__The task__:
What's needed is an exact copy of all the data below, without pictures.

__Data provided__:
>>>>>

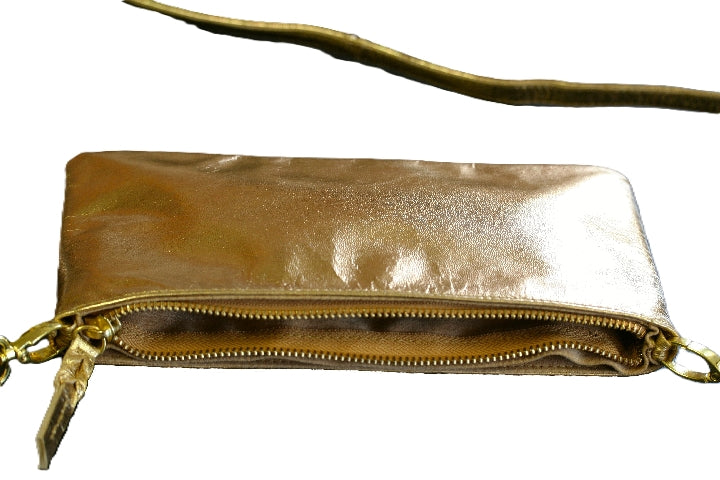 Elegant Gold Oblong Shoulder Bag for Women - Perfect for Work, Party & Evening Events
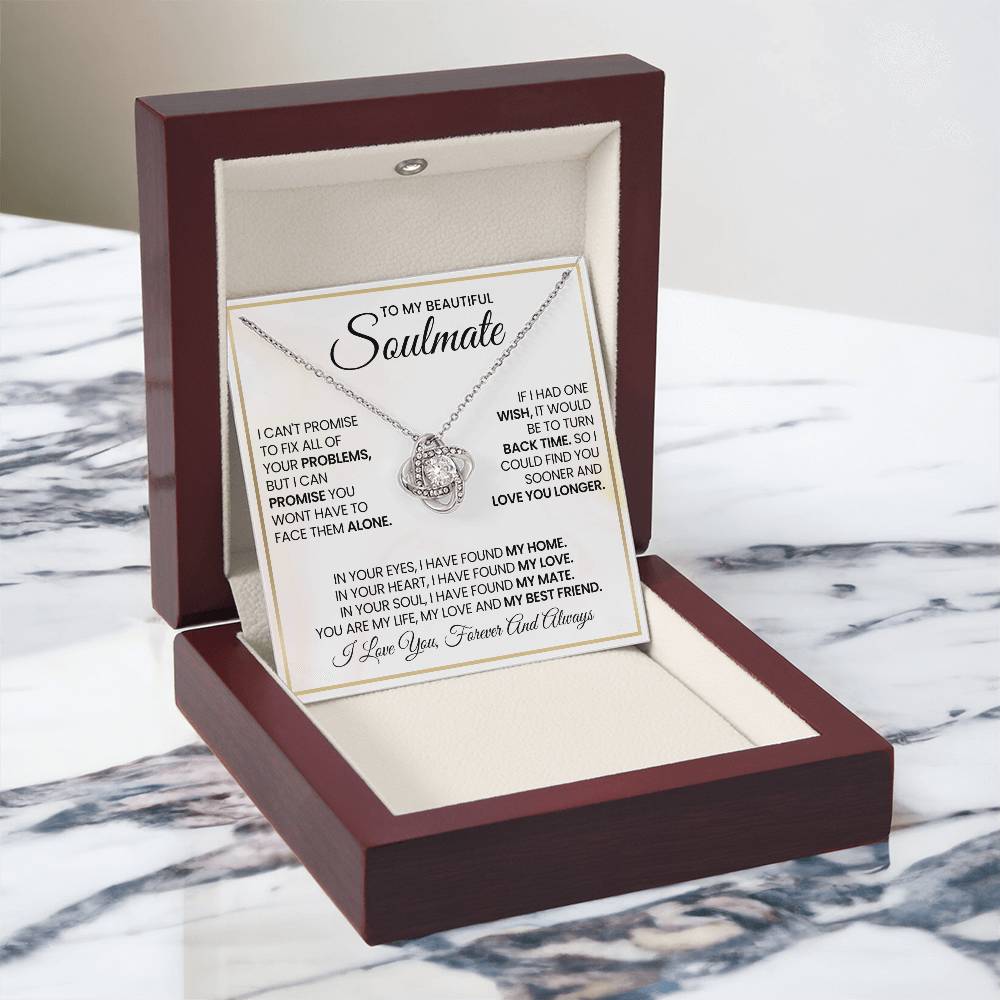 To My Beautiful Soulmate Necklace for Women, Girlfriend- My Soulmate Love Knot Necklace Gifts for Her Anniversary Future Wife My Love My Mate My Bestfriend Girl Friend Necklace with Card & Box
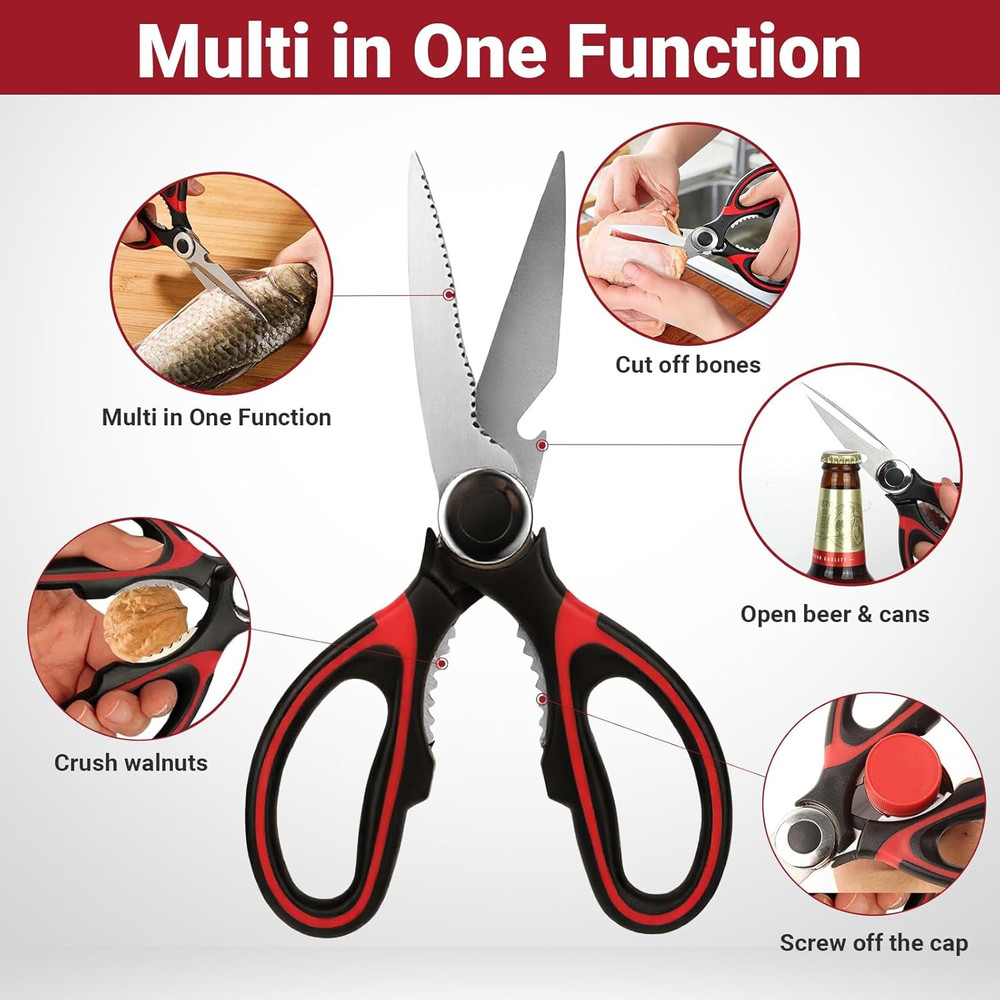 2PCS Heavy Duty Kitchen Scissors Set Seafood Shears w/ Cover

<<<<<

__Response to this task__:
 Elegant Gold Oblong Shoulder Bag for Women - Perfect for Work, Party & Evening Events
 To My Beautiful Soulmate Necklace for Women, Girlfriend- My Soulmate Love Knot Necklace Gifts for Her Anniversary Future Wife My Love My Mate My Bestfriend Girl Friend Necklace with Card & Box
 2PCS Heavy Duty Kitchen Scissors Set Seafood Shears w/ Cover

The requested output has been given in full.